Sometimes you just want to give up.

Sometimes you wonder why you keep writing, even when it never seems to pay off.

Here are five moments to help remind you it’s still worth it. Every single word.

1. Brain Rush

The term “brain crack” has already been coined, but brain rush is my own take on the same concept. I don’t know about you, but when I get an idea, I don’t just get one idea. Ideas come to me one right after the other, in a rush (the inspiration for my post about idea insomnia). Sometimes I have to stop what I’m doing and get them down in the Notes app on my phone just to slow my heart rate.

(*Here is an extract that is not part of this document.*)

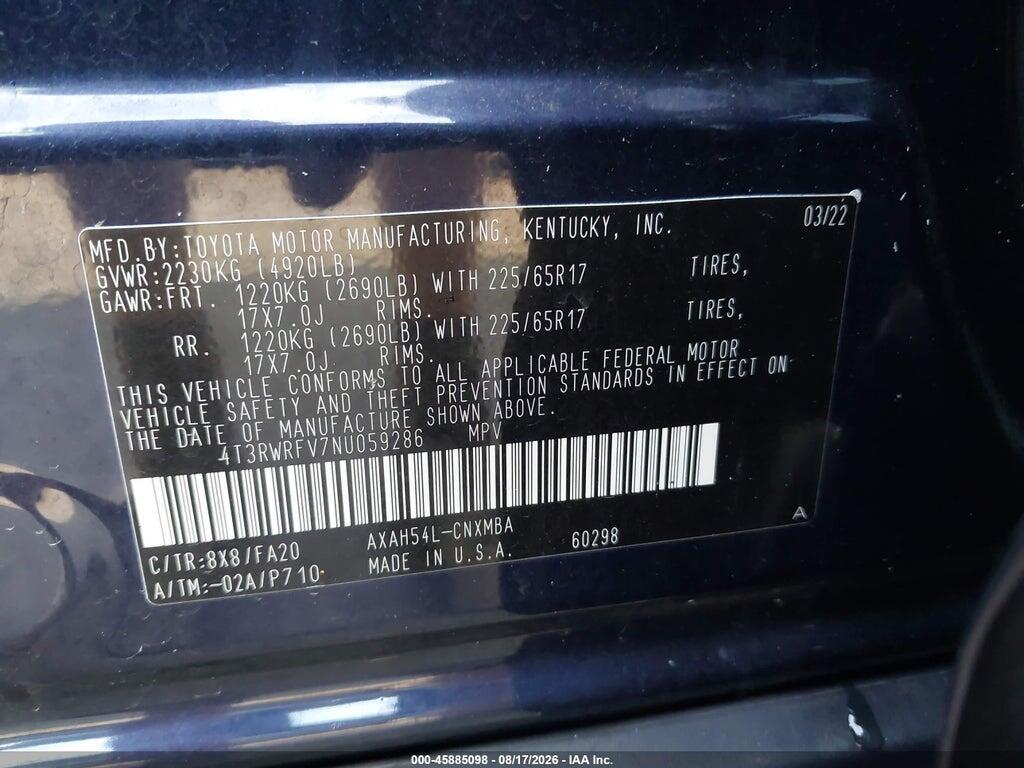 4T3RWRFV7NU059286 2022 TOYOTA RAV4 HYBRID photo no. 9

I don’t know about you, but this feeling is what I live for. It reminds me that creativity is part ambition, part experience. But mostly, creativity is latching onto ideas as they spontaneously form inside your head and refusing to let go.

2. Writing Something You’re Proud Of

A lot of the time I’m hesitant to promote my own work. I still do it, because I love being able to share my work with others with the hope they’ll gain something from reading what I have to say. But every once in a while I’ll write a sentence or a paragraph or even a whole chapter, and sit back and let myself be proud.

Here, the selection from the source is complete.